WHAT YOU SHOULD DO> Having found the line containing "Easter Bunny Red" in the data below, reproduce that line and each one after it to the end, exactly, and include nothing else.

++++++++

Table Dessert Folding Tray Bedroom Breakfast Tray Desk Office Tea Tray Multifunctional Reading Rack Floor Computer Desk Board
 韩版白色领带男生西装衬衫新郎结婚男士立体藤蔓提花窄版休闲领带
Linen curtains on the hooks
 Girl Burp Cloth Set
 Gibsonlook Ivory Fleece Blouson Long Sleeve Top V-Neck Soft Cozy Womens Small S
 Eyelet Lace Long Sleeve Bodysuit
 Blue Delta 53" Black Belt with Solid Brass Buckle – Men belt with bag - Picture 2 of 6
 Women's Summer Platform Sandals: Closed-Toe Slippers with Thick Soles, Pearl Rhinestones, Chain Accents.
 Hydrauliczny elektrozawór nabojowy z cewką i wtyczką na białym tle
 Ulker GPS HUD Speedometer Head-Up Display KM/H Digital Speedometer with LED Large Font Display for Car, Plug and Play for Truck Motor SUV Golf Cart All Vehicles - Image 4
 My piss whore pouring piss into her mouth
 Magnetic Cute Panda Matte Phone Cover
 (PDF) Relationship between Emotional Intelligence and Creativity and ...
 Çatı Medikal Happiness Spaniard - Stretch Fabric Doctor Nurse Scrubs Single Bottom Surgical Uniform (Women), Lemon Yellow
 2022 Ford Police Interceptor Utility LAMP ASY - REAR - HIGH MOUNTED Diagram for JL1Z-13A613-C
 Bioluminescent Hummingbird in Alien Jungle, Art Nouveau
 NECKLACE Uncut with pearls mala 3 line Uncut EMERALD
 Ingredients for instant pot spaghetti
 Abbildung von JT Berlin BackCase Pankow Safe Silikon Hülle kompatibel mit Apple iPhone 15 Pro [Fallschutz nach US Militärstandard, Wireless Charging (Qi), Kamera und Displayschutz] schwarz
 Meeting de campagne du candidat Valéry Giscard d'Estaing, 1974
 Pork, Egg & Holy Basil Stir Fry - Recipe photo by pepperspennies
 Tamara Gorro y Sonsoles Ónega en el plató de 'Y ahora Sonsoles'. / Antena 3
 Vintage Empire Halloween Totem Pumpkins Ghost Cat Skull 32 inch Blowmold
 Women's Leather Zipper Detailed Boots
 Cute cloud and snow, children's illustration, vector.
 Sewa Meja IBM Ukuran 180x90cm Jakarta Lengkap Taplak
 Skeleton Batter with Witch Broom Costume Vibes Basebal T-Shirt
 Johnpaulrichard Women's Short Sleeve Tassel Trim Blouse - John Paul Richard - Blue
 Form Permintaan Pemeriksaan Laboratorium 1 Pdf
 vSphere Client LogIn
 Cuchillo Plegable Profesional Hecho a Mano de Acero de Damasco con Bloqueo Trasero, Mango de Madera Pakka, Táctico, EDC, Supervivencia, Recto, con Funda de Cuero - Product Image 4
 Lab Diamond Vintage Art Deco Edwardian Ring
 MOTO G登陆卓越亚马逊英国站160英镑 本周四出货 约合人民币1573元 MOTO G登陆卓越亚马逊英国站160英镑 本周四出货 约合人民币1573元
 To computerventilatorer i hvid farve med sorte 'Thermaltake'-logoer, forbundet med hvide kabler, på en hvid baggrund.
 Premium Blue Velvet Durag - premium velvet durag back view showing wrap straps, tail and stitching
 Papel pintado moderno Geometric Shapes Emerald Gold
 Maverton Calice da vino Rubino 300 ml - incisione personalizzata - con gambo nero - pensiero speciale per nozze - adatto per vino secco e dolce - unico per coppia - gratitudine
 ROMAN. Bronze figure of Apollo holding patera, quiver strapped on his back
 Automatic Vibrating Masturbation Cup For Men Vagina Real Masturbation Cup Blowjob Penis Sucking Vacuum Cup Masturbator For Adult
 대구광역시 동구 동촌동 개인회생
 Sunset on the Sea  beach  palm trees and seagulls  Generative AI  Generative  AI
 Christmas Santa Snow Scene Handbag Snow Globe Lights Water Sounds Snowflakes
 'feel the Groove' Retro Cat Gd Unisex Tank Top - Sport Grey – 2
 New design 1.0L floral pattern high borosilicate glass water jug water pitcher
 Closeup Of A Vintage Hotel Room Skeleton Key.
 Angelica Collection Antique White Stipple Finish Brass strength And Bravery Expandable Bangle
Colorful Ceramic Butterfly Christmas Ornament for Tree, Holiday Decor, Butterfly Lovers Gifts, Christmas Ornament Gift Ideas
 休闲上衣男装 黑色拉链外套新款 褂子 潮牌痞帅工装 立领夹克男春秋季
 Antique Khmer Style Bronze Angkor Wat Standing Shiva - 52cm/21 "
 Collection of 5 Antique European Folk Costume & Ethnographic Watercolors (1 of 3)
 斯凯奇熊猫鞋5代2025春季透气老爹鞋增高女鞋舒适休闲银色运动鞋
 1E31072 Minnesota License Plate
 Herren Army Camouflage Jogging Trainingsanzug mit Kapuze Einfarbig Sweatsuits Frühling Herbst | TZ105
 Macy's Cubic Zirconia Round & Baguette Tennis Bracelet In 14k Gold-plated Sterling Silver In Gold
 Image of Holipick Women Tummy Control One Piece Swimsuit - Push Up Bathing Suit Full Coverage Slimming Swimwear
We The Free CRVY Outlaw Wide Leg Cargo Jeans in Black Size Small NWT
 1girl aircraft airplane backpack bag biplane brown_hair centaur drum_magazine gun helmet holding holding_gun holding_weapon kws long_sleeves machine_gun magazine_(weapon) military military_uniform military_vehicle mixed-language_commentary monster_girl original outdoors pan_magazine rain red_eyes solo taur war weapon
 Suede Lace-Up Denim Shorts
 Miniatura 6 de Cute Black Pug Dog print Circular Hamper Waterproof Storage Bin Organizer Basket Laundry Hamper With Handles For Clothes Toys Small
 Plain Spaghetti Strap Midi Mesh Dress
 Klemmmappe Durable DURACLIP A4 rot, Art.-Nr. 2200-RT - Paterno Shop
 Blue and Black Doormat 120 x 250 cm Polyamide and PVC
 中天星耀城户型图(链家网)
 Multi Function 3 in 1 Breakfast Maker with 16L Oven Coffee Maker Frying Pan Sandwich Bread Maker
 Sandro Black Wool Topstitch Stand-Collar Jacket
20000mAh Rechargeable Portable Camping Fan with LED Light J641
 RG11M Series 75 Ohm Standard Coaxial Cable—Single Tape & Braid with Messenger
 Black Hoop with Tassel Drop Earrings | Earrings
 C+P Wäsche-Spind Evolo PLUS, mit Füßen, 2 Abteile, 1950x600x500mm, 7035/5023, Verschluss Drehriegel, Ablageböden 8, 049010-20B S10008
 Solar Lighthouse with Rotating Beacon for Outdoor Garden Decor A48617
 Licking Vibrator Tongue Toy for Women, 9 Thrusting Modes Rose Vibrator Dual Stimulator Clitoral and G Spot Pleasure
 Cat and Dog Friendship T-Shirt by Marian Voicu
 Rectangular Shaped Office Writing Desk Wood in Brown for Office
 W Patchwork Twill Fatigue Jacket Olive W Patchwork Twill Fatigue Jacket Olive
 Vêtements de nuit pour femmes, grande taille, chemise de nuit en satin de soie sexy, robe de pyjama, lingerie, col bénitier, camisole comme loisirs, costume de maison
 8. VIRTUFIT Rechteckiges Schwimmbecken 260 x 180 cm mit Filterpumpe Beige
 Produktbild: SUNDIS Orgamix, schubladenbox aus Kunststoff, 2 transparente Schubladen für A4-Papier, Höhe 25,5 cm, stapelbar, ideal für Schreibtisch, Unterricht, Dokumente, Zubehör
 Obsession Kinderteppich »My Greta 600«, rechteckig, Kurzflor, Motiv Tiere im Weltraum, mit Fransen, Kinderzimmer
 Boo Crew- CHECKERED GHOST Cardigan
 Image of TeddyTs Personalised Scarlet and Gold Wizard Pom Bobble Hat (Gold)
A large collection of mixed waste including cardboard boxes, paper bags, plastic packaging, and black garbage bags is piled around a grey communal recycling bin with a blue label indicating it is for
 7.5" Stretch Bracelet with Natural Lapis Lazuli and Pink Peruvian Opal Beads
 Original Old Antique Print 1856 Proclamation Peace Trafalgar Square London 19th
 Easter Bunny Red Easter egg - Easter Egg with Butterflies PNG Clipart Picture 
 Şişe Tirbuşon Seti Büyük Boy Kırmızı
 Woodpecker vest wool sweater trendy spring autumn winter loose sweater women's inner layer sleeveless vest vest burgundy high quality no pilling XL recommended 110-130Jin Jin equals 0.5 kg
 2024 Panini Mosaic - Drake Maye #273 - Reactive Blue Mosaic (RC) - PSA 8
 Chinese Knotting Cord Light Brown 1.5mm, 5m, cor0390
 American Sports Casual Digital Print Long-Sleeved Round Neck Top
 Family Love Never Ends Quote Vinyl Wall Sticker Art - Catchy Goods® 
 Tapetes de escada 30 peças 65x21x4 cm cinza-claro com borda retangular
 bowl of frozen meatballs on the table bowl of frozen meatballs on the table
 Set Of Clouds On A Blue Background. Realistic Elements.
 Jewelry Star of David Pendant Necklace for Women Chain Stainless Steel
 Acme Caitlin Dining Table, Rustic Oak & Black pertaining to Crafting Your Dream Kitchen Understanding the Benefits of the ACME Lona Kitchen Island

++++++++

OUTPUT BELOW>
 Easter Bunny Red Easter egg - Easter Egg with Butterflies PNG Clipart Picture 
 Şişe Tirbuşon Seti Büyük Boy Kırmızı
 Woodpecker vest wool sweater trendy spring autumn winter loose sweater women's inner layer sleeveless vest vest burgundy high quality no pilling XL recommended 110-130Jin Jin equals 0.5 kg
 2024 Panini Mosaic - Drake Maye #273 - Reactive Blue Mosaic (RC) - PSA 8
 Chinese Knotting Cord Light Brown 1.5mm, 5m, cor0390
 American Sports Casual Digital Print Long-Sleeved Round Neck Top
 Family Love Never Ends Quote Vinyl Wall Sticker Art - Catchy Goods® 
 Tapetes de escada 30 peças 65x21x4 cm cinza-claro com borda retangular
 bowl of frozen meatballs on the table bowl of frozen meatballs on the table
 Set Of Clouds On A Blue Background. Realistic Elements.
 Jewelry Star of David Pendant Necklace for Women Chain Stainless Steel
 Acme Caitlin Dining Table, Rustic Oak & Black pertaining to Crafting Your Dream Kitchen Understanding the Benefits of the ACME Lona Kitchen Island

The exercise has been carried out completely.